Results tagged “mozilla”

July 16, 2007

It's still a Phoenix

Before it was called Firefox, or Firebird, Mozilla’s lightweight browser was known as Phoenix. An appropriate name, given than it rose from the ashes of Netscape. Read/WriteWeb has a nice retrospective pegged to the fourth anniversary of the creation of the Mozilla Foundation. It quotes me writing upon the demise of Netscape, and I thought it was useful to also mention the circle of web life that the Mozilla/Netscape browsers have been part of.

If you weren’t reading blogs back then, or missed the posts, some interesting related reading is John Rhodes’ seminal essay about a Google client from 2001, as well as Jason Kottke’s two posts from 2004.

As Richard says in his R/WW post, “Life is all about cycles though, so whether the Google/Mozilla romance turns out to be comedy or tragedy in 4 more years time — that is the question.”

January 17, 2007

It's the circle of (web) life!

Picture Terry Semel holding a little lion cub up in the air with both arms extended. What's that? It's the Circle of Life! Well, maybe Circle of Life 2.0? Okay, enough Lion King -- maybe it's just Justin Timberlake again: "What Goes Around... Comes Around".

The story I'm referring to is how each half-decade's web love story begets its successor for the attention and adoration of the press, the stock market, and the public at large.

web-circle.pngIn the beginning, there was Netscape, and it was good. But the old-timers among you will recall that Netscape began as Mosaic Communications Corporation, based on the old Mosaic browser. When that name became unusable, the codename for the browser being built was naturally named after the terrible lizard that would cause Mosaic's demise: Mozilla.

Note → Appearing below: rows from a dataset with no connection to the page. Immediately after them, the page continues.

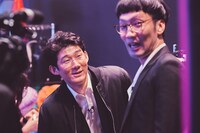 「THEゴールデンコンビ」に挑むロングコートダディ堂前と男性ブランコ平井。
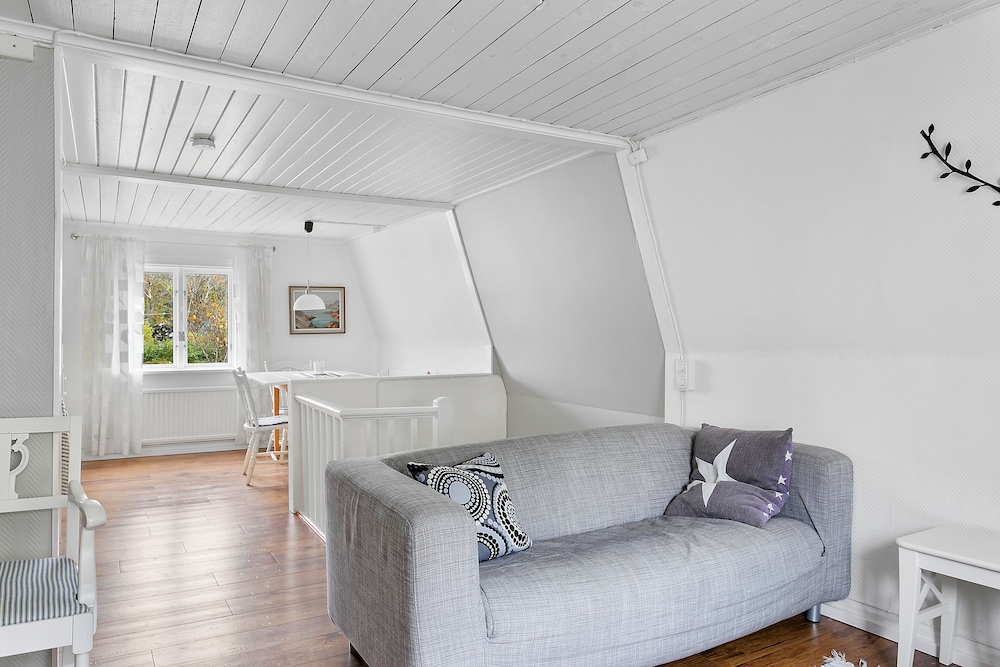 Double and Twin Beds, Light Housekeeping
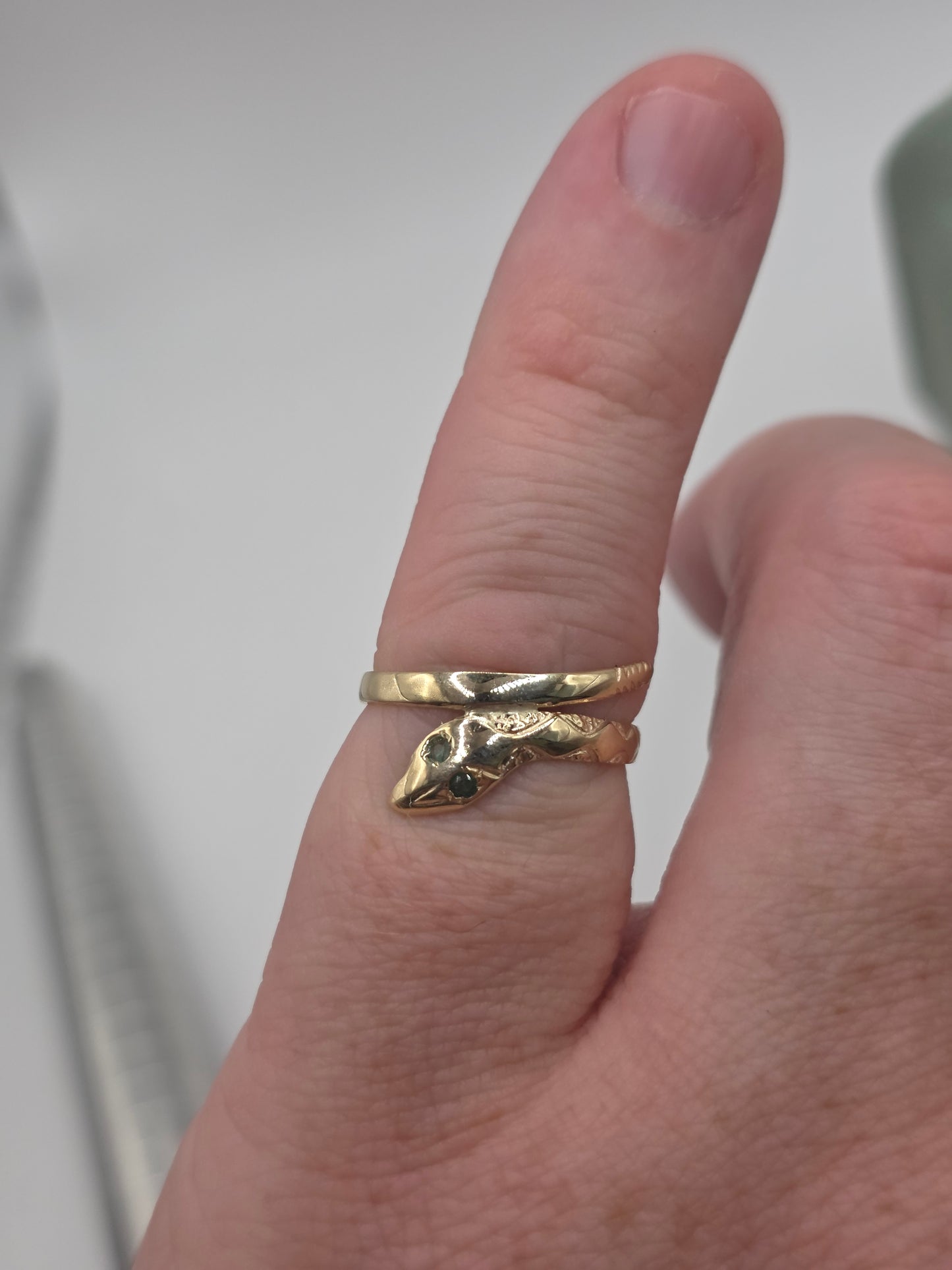 9ct gold emerald snake ring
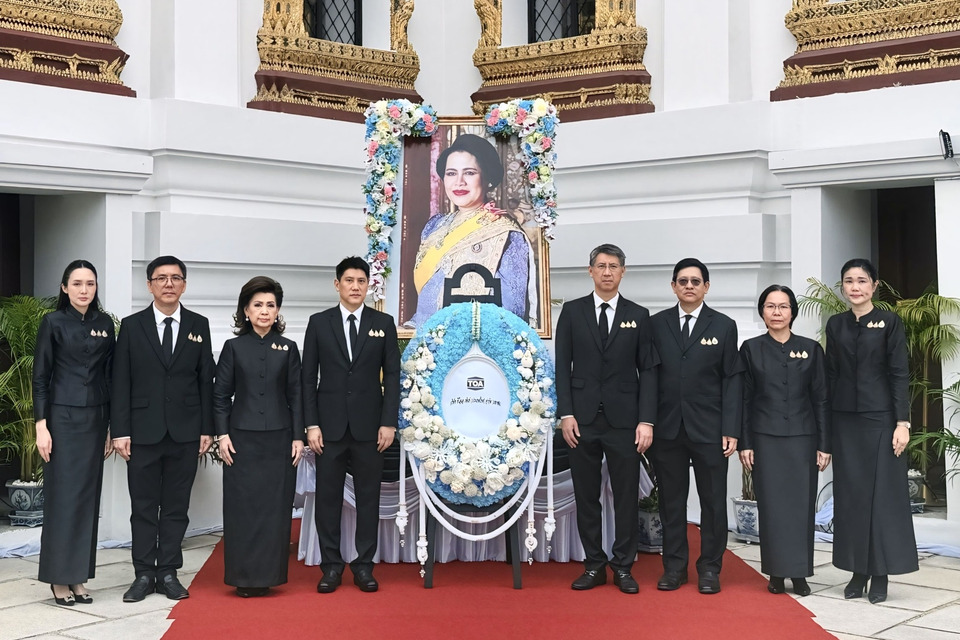 "TOA" น้อมถวายสักการะพระบรมศพ - ลงนามถวายความอาลัย "สมเด็จพระบรมราชชนนีพันปีหลวง"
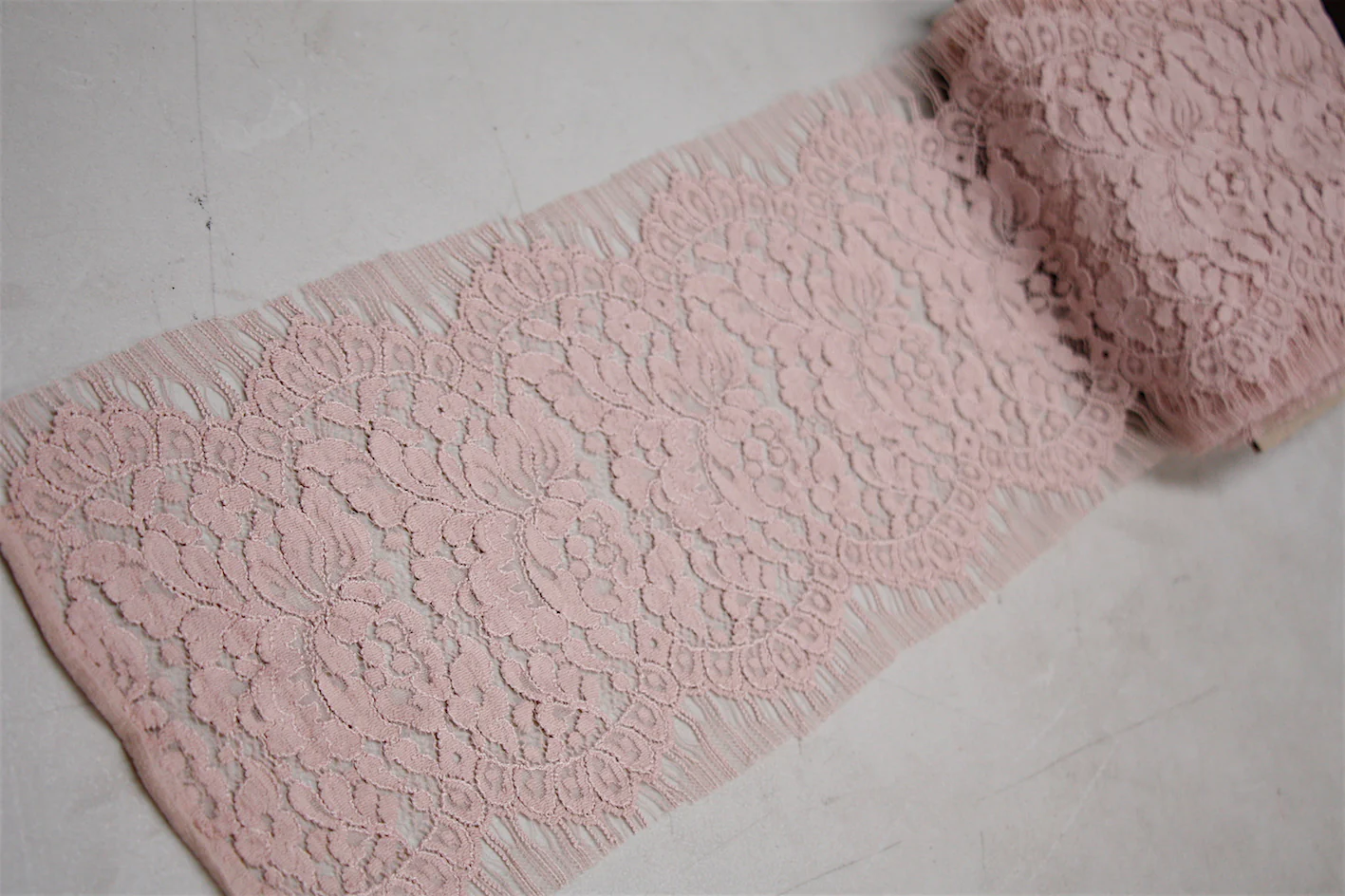 Musk Royal - Lace Trim - Image 4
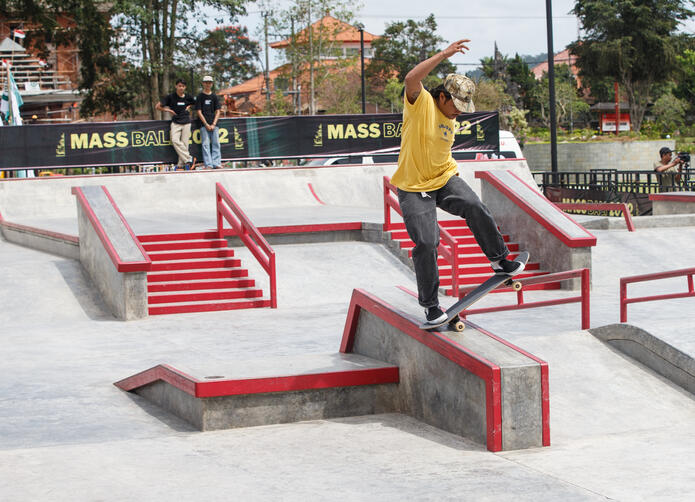 Bayu Satya - FS nosebluntslide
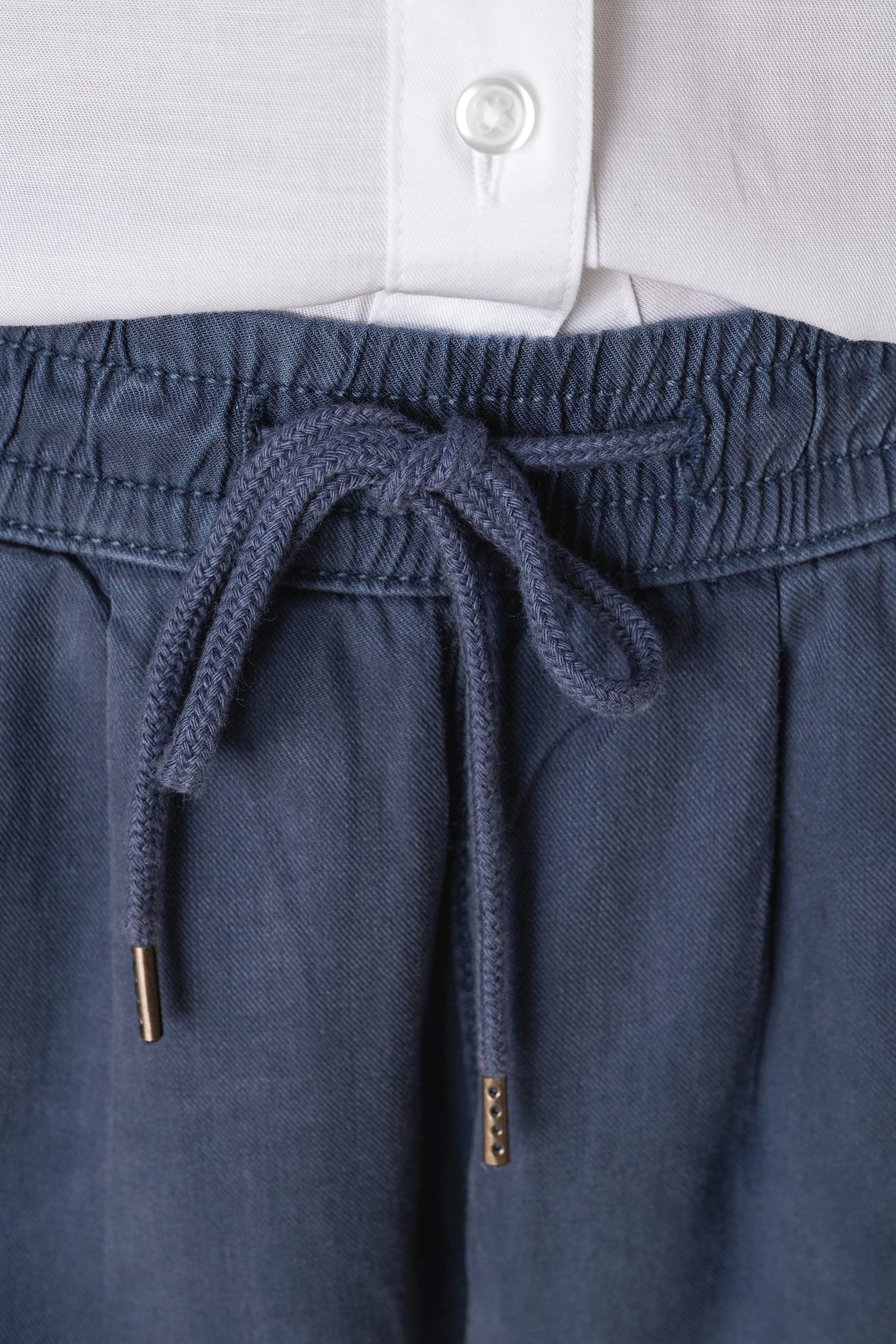 Calças eco-responsáveis com aspecto lavado em liocel de senhora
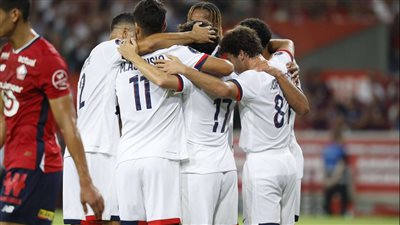 باريس سان جيرمان يضرب ليل بثلاثة في الدوري الفرنسي 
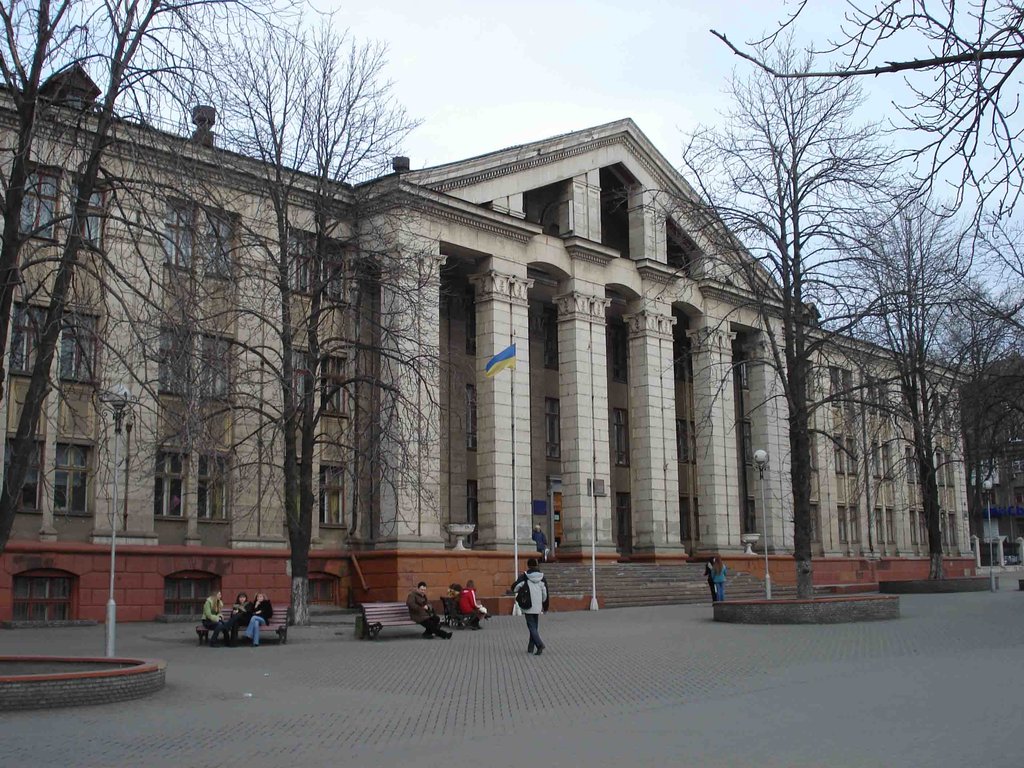Скандал в запорожском колледже: преподавателя обвинили в домогательствах к студенткам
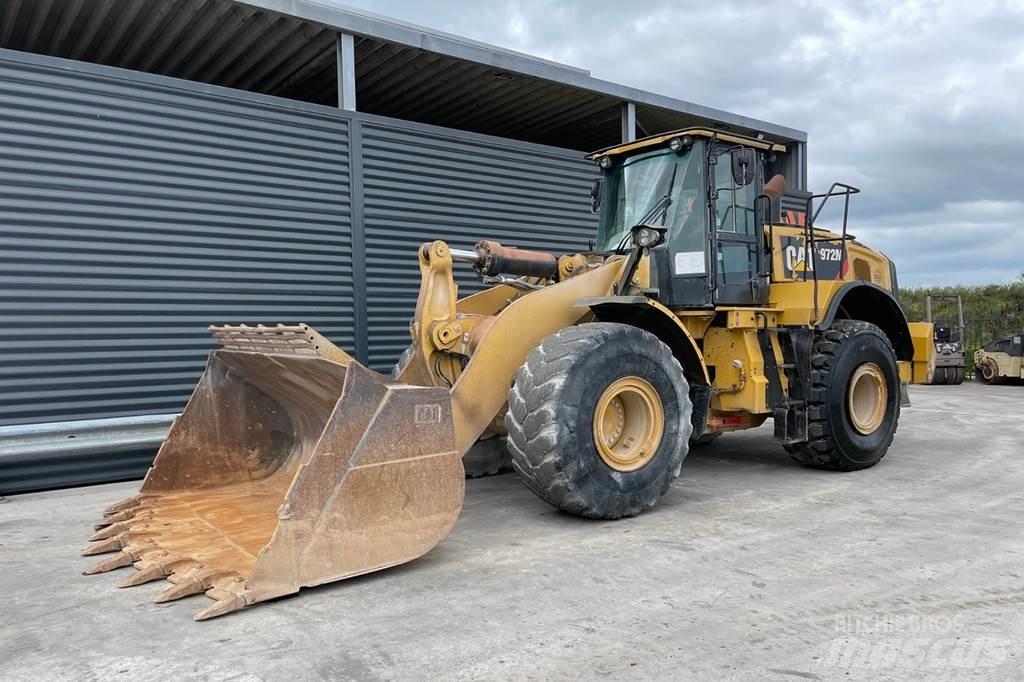 CAT 972M Carregadeiras de rodas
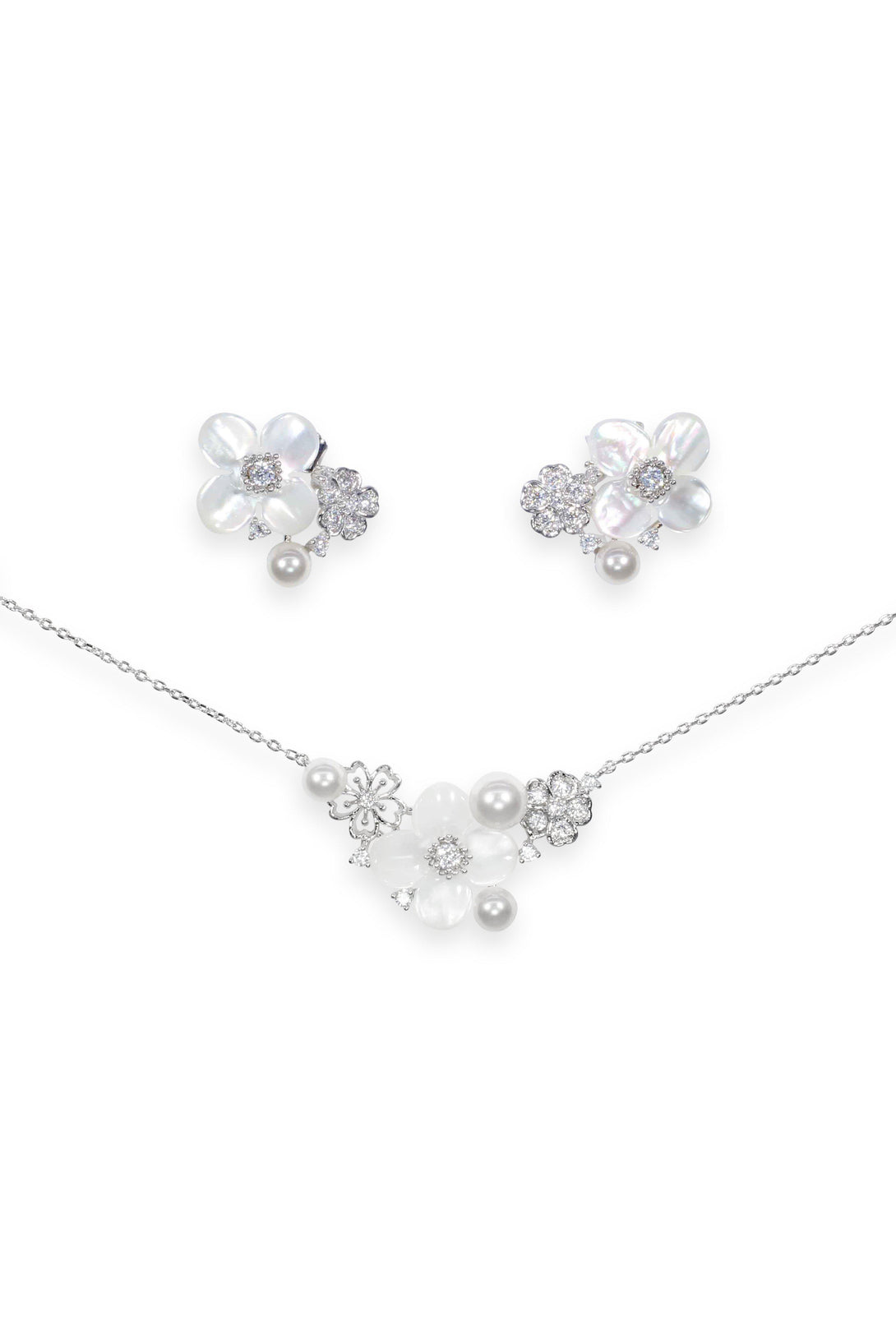 Cuteness Set Flower Statement with Pearl in Sterling Silver (Earring, Necklace)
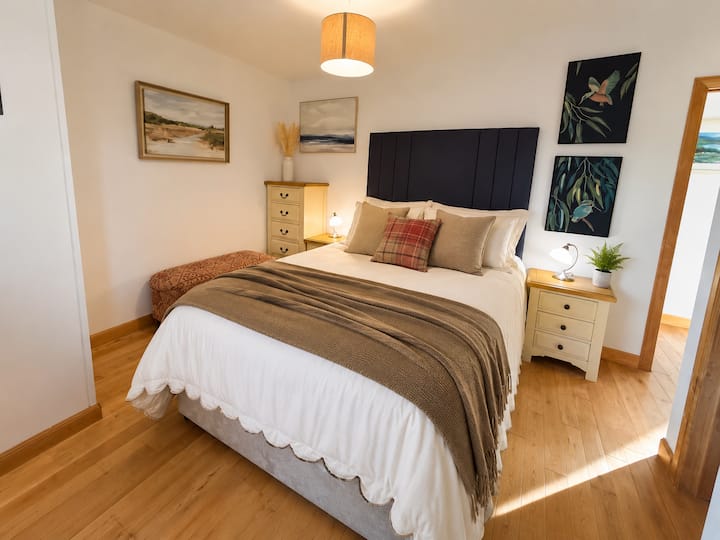 En-suite king bedroom.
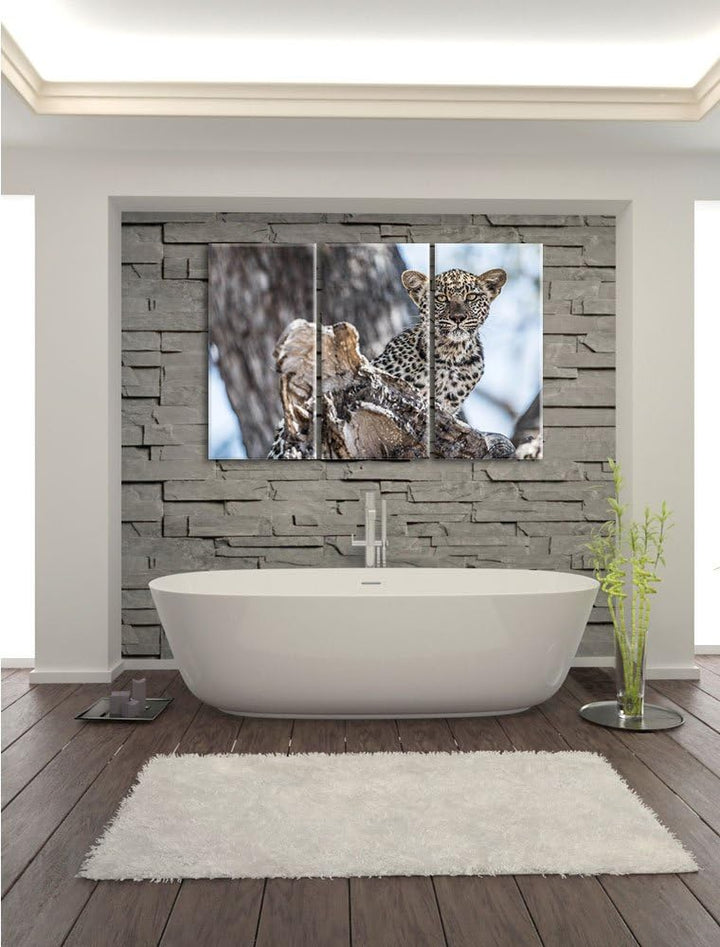 Pixxprint Neugieriges Leopardjunges auf Baum 3-Teiler Leinwandbild 120x80 Bild auf Leinwand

Among the many kind things the Netscape kids did (giving us a free email client, open-sourcing the code once they sold out to AOL, indirectly funding a nightclub in San Francisco), they decided to feature amongst their default links an up-and-coming web directory called Yahoo! The prominence of the nascent Yahoo site on the young Netscape browser's toolbar in an era when there were so few comprehensive guides to the web helped cement the company's position in the vanguard of web companies.

Fast forward a few years, and among the many kind things the Yahoo kids did (giving us free email, hooking Flickr up to Target once they bought the photo-sharing site, enticing Scientologists to visit), they decided to feature as their default search technology an up-and-coming web search technology company called Google. The prominence of the nascent Google engine atop the maturing Yahoo site's directory in an era when search had been largely abandoned helped cement the company's position in the vanguard of web companies.

Fast forward a few years, and among the many kind things the Google kids did (giving us free email, trying to give us free WiFi in San Francisco, building the memex), they decided to feature as their preferred browser technology an up-and-coming web browser technology called Mozilla Firefox. The prominence of the nascent Firefox download amongst Google's software offerings in an era when browser development had been largely abandoned helped cement the browser's position in the vanguard of web technologies.

This concludes today's history lesson. We have provided, above, an educational infographic offering a detailed look at the flow of linky-love between these Internet behemoths.